The Chicago trial was, in many ways, a do-over of Kelly’s 2008 child pornography trial, with a key video critical to both.

The legal challenges for Kelly — who rose from poverty on Chicago’s South Side to become a Grammy-winning superstar — are not yet over. Two further trials are pending; one in Minnesota and another in state court in Chicago.

Jurors began deliberating Tuesday after Judge Harry Leinenweber gave them instructions, including explicit descriptions of what constitutes sexual abuse.

Early Wednesday, jurors wrote several questions to the judge, at least one indicating the panelists may be grappling with some of the case’s legal complexities.

One asked if they had to find Kelly both enticed and coerced minors, or that he either enticed or coerced them. Over objections from Kelly’s lawyer, the judge said they only need to find one.
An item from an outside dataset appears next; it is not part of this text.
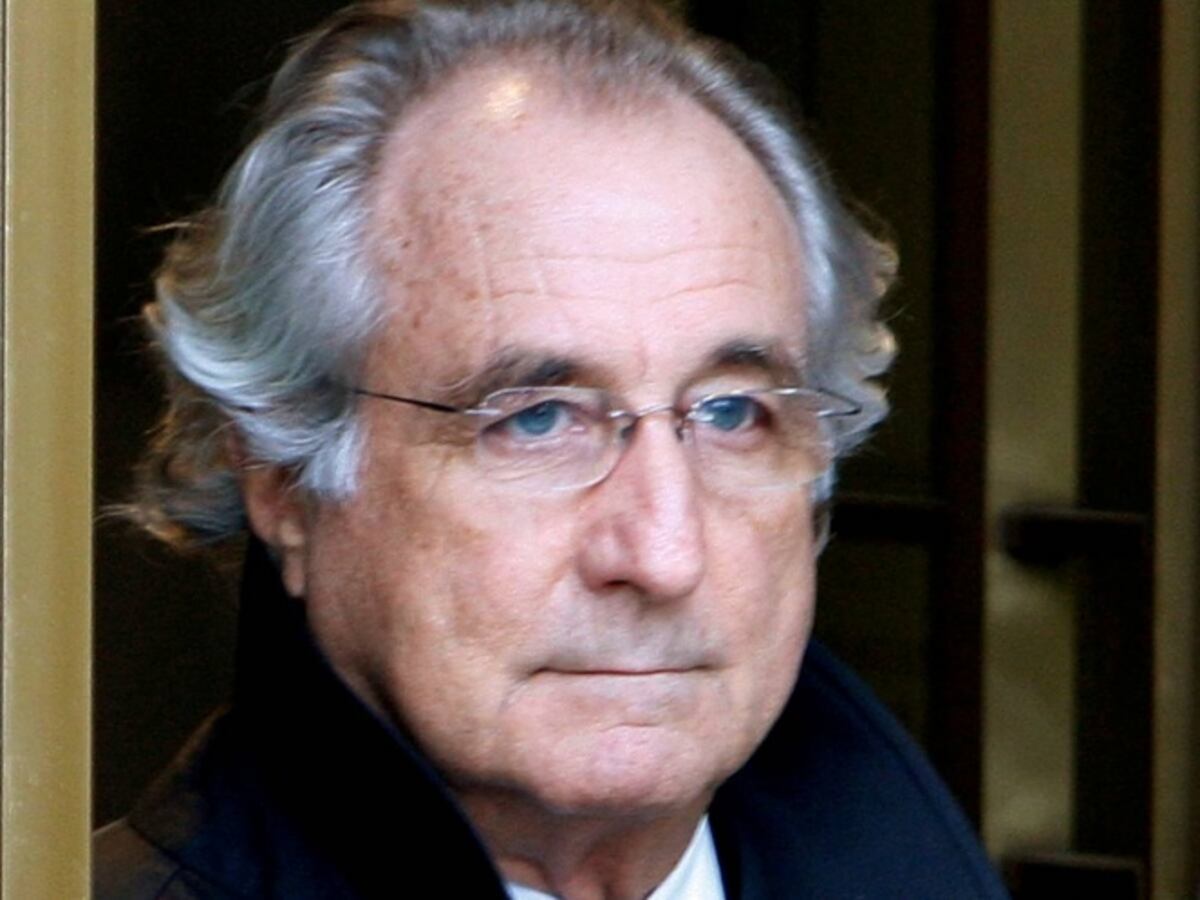 Muere en prisión Bernard Madoff, el mayor estafador de la historia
In closing arguments Tuesday, Kelly attorney Jennifer Bonjean likened the government’s testimony and evidence to a cockroach and its case to a bowl of soup.

If a cockroach falls into soup, she said, “you don’t just pull out the cockroach and eat the rest of the soup. You throw out the whole soup,” said told jurors.

“There are just too many cockroaches,” she said.

In her rebuttal Tuesday, prosecutor Jeannice Appenteng told jurors to remember the girls and women who have accused Kelly of abuse.

“When you are in the quiet of the jury room, consider the evidence in light of who is at the center of this case. Kelly’s victims: Jane, Nia, Pauline, Tracy and Brittany,” Appenteng said, referring to five Kelly accusers named in charging documents by pseudonyms or their first names.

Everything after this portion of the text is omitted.